Subject essay: James von Geldern
Immediately upon assuming power the Bolsheviks passed legislation that made Soviet Russia the most progressive nation in the world on issues of gender. The great socialist tradition based on such fundamental texts as Engels The Origin of the Family, Private Property and the State (1884), had prepared them for this achievement. Though conscious of gender and issues of social power, revolutionaries considered issues of gender secondary to class issues, and in practice often ignored them. As an unfortunate consequence, revolutionary circles were often hostile to women, whom they considered culturally backward; even though many women-revolutionaries were deeply respected, including the westerners Rosa Luxemburg and Klara Zetkin. The Bolsheviks deemed the Russian populist Ekaterina Breshkovskaia the “grandmother of the Revolution.”
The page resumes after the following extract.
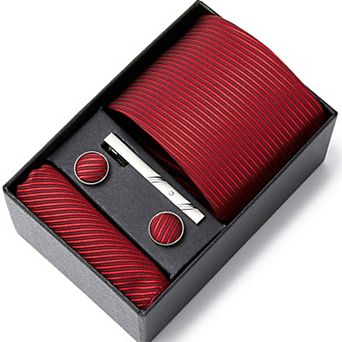 Men's Striped Tie Gift Set Necktie Pocket Square Cufflinks Tie Clip Formal Accessory Set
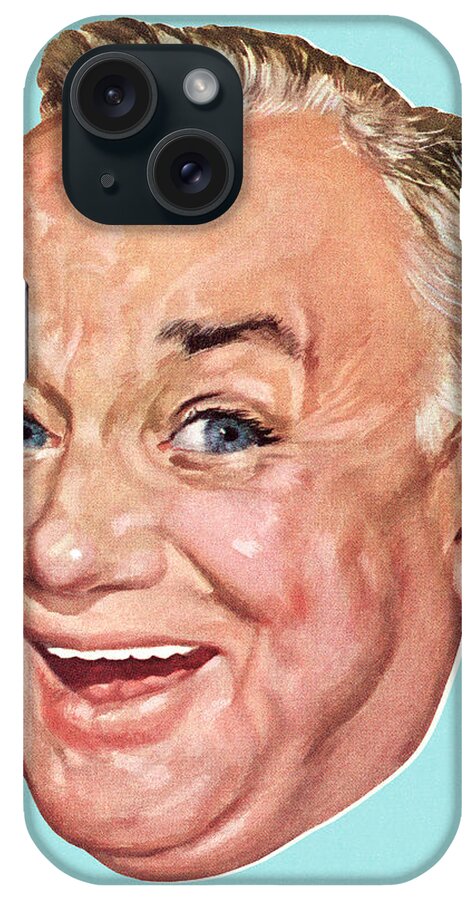 Adult iPhone Case featuring the drawing Smiling Man by CSA Images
Aleksandra Kollontai, a long-time revolutionary and early Bolshevik who became Commissar of Social Welfare in the new government, was one of the few Bolsheviks who understood the deeper connections between revolution and gender. She was a delegate to the First Congress of the Communist International, and an activist in the newly-formed Women’s Section of the Communist Party (the zhenskii otdel, or “Zhenotdel” for short), which she, Inessa Armand and Nadezhda Krupskaia played major roles in founding. Her great contribution was to argue for special forms of party work for women before the revolution, and for Zhenotdel after. Her Woman and the Family in the Communist State (1918) outlined how changing family relations under communism would transform the place of women in the home and workplace.
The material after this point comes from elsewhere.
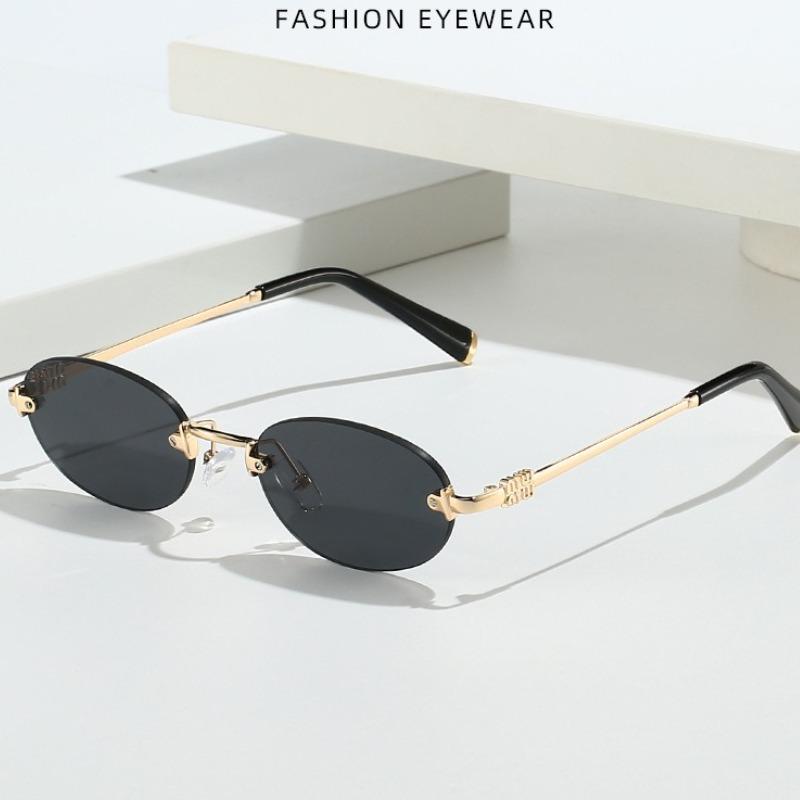 Retro Frameless Sunglasses for Women Luxury Trendy Sun Glasses High-End Sensation Fashionable Solar Glasses Shades UV400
Women’s activists enjoyed significant legislative victories in the first years of the revolution. Laws were passed to enact the radical vision of women unencumbered by the familial chains that made them unequal citizens. The December 29, 1917 decree on divorce gave women the right to divorce their husbands without obtaining his or any other permission, and ensured a proper alimony (though not that it was paid). Church control of marriage was abolished in December 18, 1917 by the Decree on Marriage, Children, and Registration of Civil Status, which made give sole legal status to civil ceremonies conducted by the so-called ZAGS (Zapiska aktov grazhdanskogo sostoianiia, or Civil Registration Bureau). Scorned for their bare surroundings and ceremonies stripped of beauty, ZAGS would eventually become home to new rituals in conformance with the socialist family, such as the “Octobrina,” which replaced the Christian baptism.
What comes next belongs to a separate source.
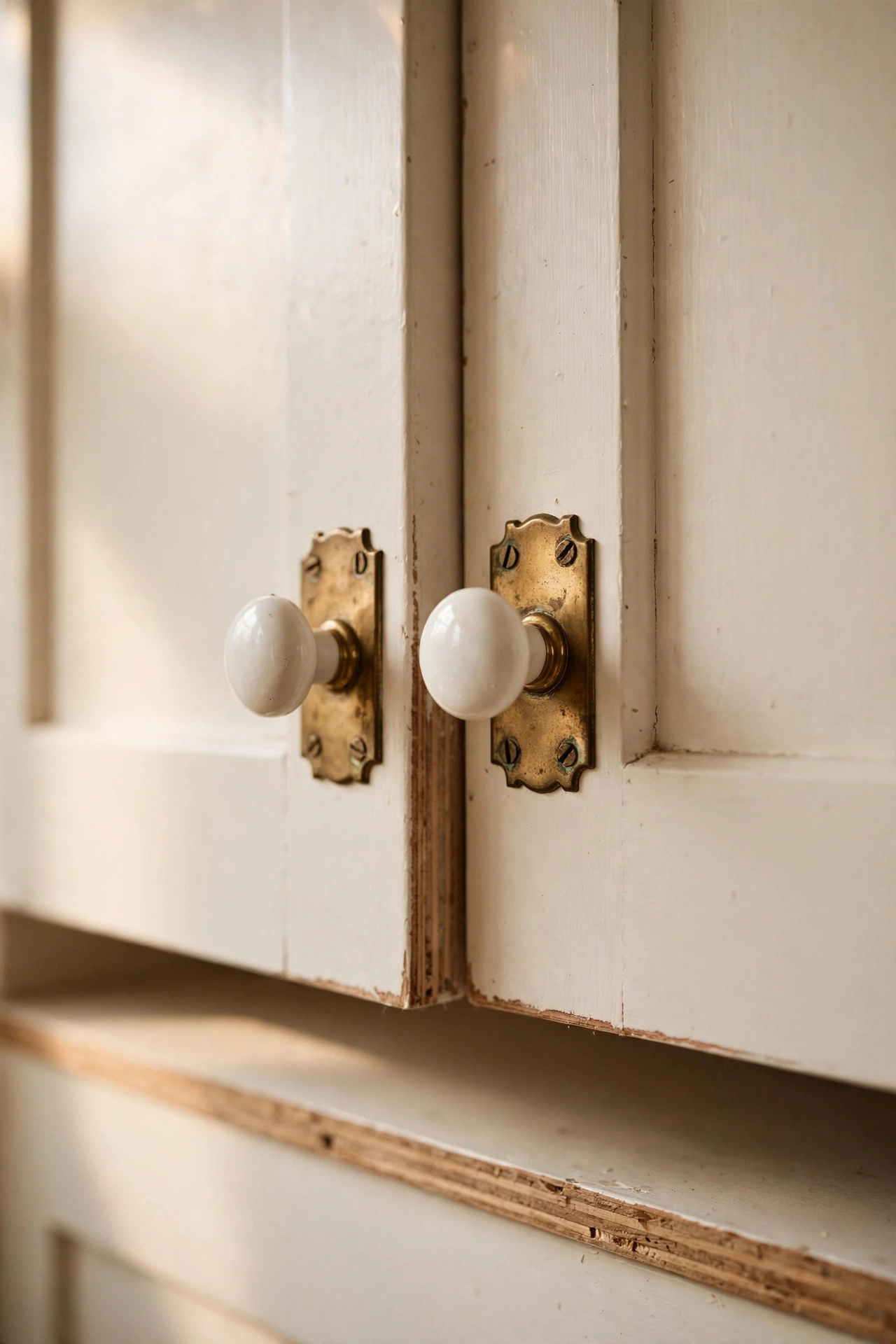 White porcelain knobs with brass backplates on kitchen cabinets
The centrality of women and their agendas to the socialist state was symbolized by a new official holiday, International Women’s Day. It was celebrated on March 8 for the day (February 23 in the old calendar) in 1917 that Petrograd women had marched against tsarist authorities, leading to the collapse of the old regime. The holiday had a spotty history, evolving eventually into a celebration of gender difference. A analogous fate awaiting the Zhenotdel. Established in 1919 with the active participation of Kollontai and Nadezhda Krupskaia, and headed by Inessa Armand, zhenotdel had branches through Soviet Russia and the Union responsible for issues of women’s welfare. Never assigned the power or resources appropriate to its mission, women’s sections were closed down throughout the USSR in 1930, ostensibly because the consolidation of the revolution had already solved the women’s question.